Recette fiscale essentielle pour les départements, les droits de mutation issus des transactions immobilières qu'ils ont perçus au premier semestre sont en nette hausse par rapport à 2009. Mais cette année catastrophique est très loin d'être effacée.
Simple répit avant rechute ou signe de reprise durable ? Depuis la fin de l'année dernière, le produit des droits de mutation (DMTO) que perçoivent les départements (5,4 milliards d'euros en 2009) est reparti à la hausse. Les montants mensuels qu'ils ont encaissés sur le premier semestre 2010 sont tous supérieurs à ceux des six premiers mois de 2009. « Il y a un léger frémissement et la situation est très inégale », modère-t-on à l'Assemblée des départements de France (ADF).
L'Ile-de-France en tête
Le produit de ces DMTO, assis sur le prix de cession de chaque bien immobilier, a sensiblement augmenté en Ile-de-France.
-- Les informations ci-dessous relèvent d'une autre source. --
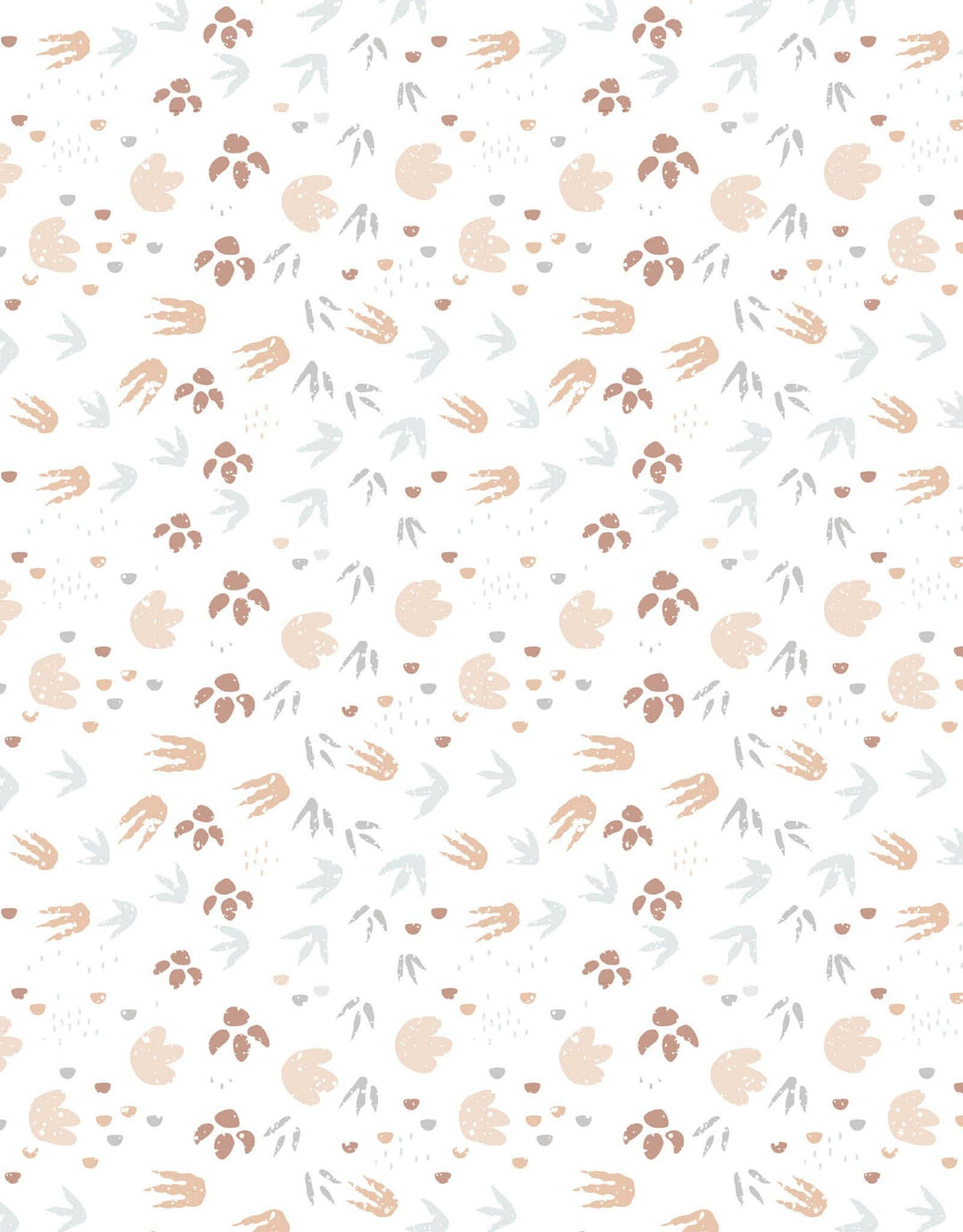 Pattern of hand and footprints in various colors on a white background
Paris a vu ainsi ses recettes croître de 57,41% et les départements de l'ouest de la capitale, de bien davantage : + 68,91% dans les Yvelines et plus encore 74,11% dans les Haut-de-Seine, selon le relevé semestriel établi par Bercy. Sur le reste de l'Hexagone, les meilleurs scores sont surtout le fait des départements urbains, comme le Rhône (+ 45,63%) et la Haute-Garonne (+ 44,58%), et de départements littoraux touristiques : la Loire-Atlantique (+ 63,40%), la Gironde (+ 48,48%), les Pyrénées-Atlantiques (+ 40,01%) et, dans une plus faible mesure, les Alpes-Maritimes (+ 34,58%). Autant de territoires où l'activité immobilière exerce un rôle économique déterminant, à la différence des départements ruraux où la reprise de ce secteur se fait beaucoup moins bien sentir. Dans la Creuse, la Nièvre ou encore la Haute-Saône, la progression des DMTO n'atteint pas deux chiffres.
En tout état de cause, aucune des hausses observées, si élevée soit-elle, ne peut prétendre couvrir, pour l'instant, les dégâts subis en 2009. Une véritable année noire pour les départements qui avaient vu chuter de 28,9% cette ressource fiscale, soit encore une perte de 2,5 milliards d'euros par rapport à 2007, année bénie. Alors à son summum, le marché avait généré pour 7,94 milliards d'euros de DMTO. « Qu'il y ait reprise ou pas de cette recette, le problème du financement de l'action sociale n'est pas réglé. Et ce redémarrage n'invalide en rien les difficultés structurelles auxquelles une trentaine de départements sont confrontés », fait valoir un spécialiste des finances locales. Près de 60% de la masse budgétaire des conseils généraux est absorbée par leurs compétences sociales. En tête desquelles le RMI-RSA, l'APA (allocation personnalisée d'autonomie) et la PCH (prestation de compensation du handicap) dont le poids s'est considérablement alourdi alors que les compensations de l'Etat n'augmentaient pas. Pour 2010, le « reste à charge » atteindrait 5,2 milliards d'euros, selon un expert qui rappelle que les DMTO ont été transférés aux conseils généraux en 1982 pour leur permettre de financer les collèges. « Jusqu'au retournement de 2009, l'explosion des DMTO a masqué ce différentiel croissant, apparu en 2004 », indique-t-on à l'ADF.
Fonds de péréquation
En 2011, un fonds de péréquation des recettes de DMTO entrera en vigueur. Un dispositif dont cette organisation ne conteste pas le bien-fondé mais qui, selon certains, aura peu d'effets réparateurs à court terme sur les finances des départements les plus en difficulté. « Cela marche très bien quand les hausses sont très fortes et différenciées entre les départements. Pas quand la conjoncture s'effondre. Il aurait fallu le mettre en place au début des années 2000 », estime un élu.